By this metric, SLR Investment Corp. (SLRC) is the more undervalued stock at a PEG of 0. 24x versus Ares Capital Corporation's 0. 96x. A PEG below 1. 0 is traditionally considered the threshold for growth-adjusted undervaluation. On forward earnings alone, WhiteHorse Finance, Inc. (WHF) trades at 7. 0x forward P/E versus 9. 9x for Ares Capital Corporation — 2. 9x cheaper on a one-year earnings basis. Analyst consensus price targets imply the most upside for WHF: 58. 3% to $12. 00.
08Which pays a better dividend — WHF or SLRC or ARCC or GBDC?
All stocks in this comparison pay dividends.
WhiteHorse Finance, Inc. (WHF) offers the highest yield at 20. 8%, versus 2. 0% for Ares Capital Corporation (ARCC).
09Is WHF or SLRC or ARCC or GBDC better for a retirement portfolio?
For long-horizon retirement investors, WhiteHorse Finance, Inc.
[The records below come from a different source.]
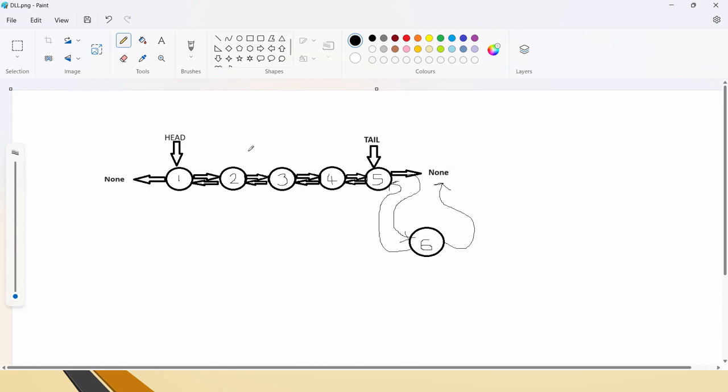In the previous videos we also saw corner cases. For this doubly linked list append, one corner case we can expect is when there is no element in the list at all. In that case, we should just return none so that the code will not break in between. Now let's build this.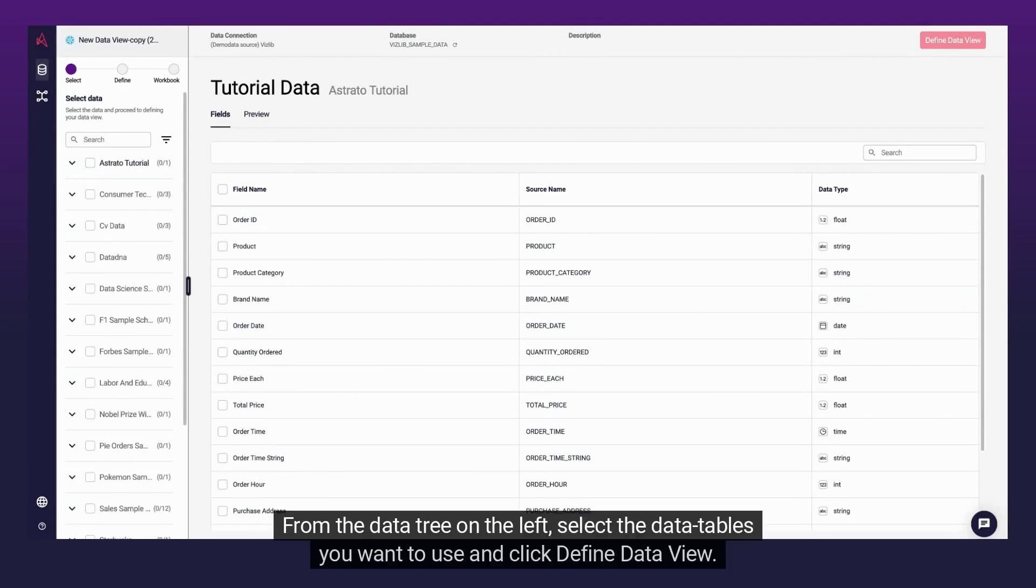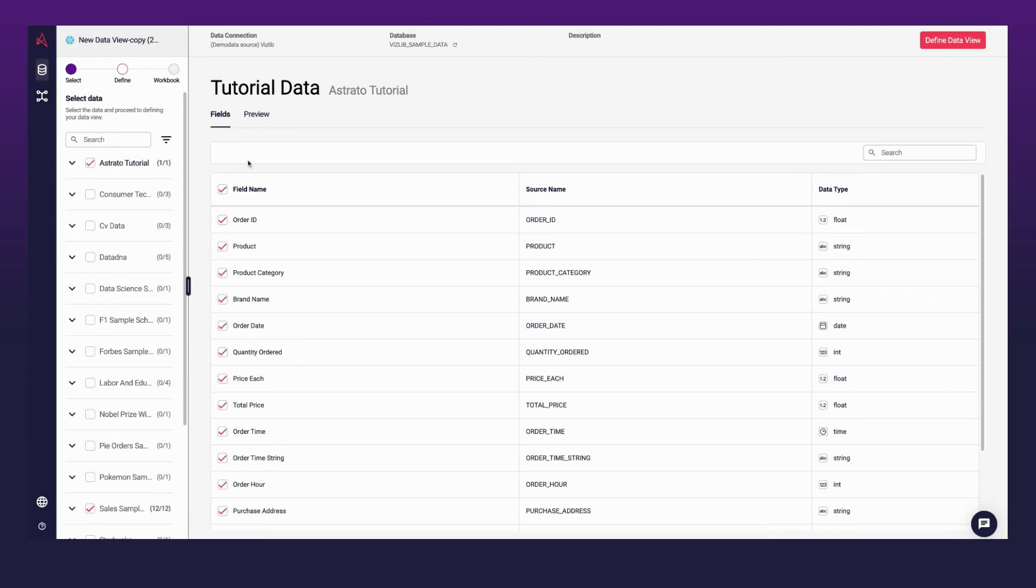From the data tree on the left, select the data tables you want to use and click Define Data View.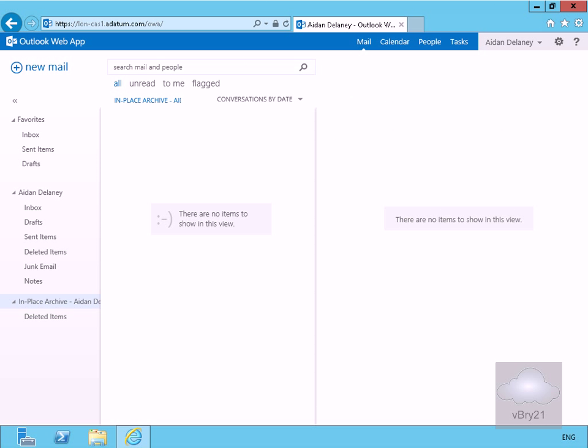In this demonstration, we're going to look at importing data into an Exchange mailbox database. In some scenarios, you'll want to export data from a user's database or import data into the user's database. There are a couple of reasons why we might want to do this.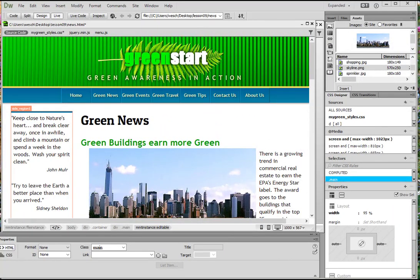In this video we are going to use Dreamweaver CC to make images responsive. Responsive meaning if the screen size changes the images change along with it. In our previous video we had started to approach that topic and now we're going to dig into it further.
(WHF) is the stronger choice — it scores higher on the combination of lower volatility, dividend reliability, and long-term compounding (low volatility (β 0. 47), 20. 8% yield, +125. 5% 10Y return). Both have compounded well over 10 years (WHF: +125. 5%, SLRC: +64. 4%), confirming both are viable long-term holds — but the lower-volatility option typically results in less emotional selling during corrections. Retirement portfolios generally favour predictability over maximum returns. Consult a financial advisor before making allocation decisions.
10What are the main differences between WHF and SLRC and ARCC and GBDC?
Both stocks operate in the Financial Services sector, making this a peer-level intra-sector comparison — the same macro tailwinds and headwinds will affect both.
These fundamental differences mean investors should not choose between them on a single metric — the "better stock" depends entirely on which of these characteristics aligns with your investment strategy.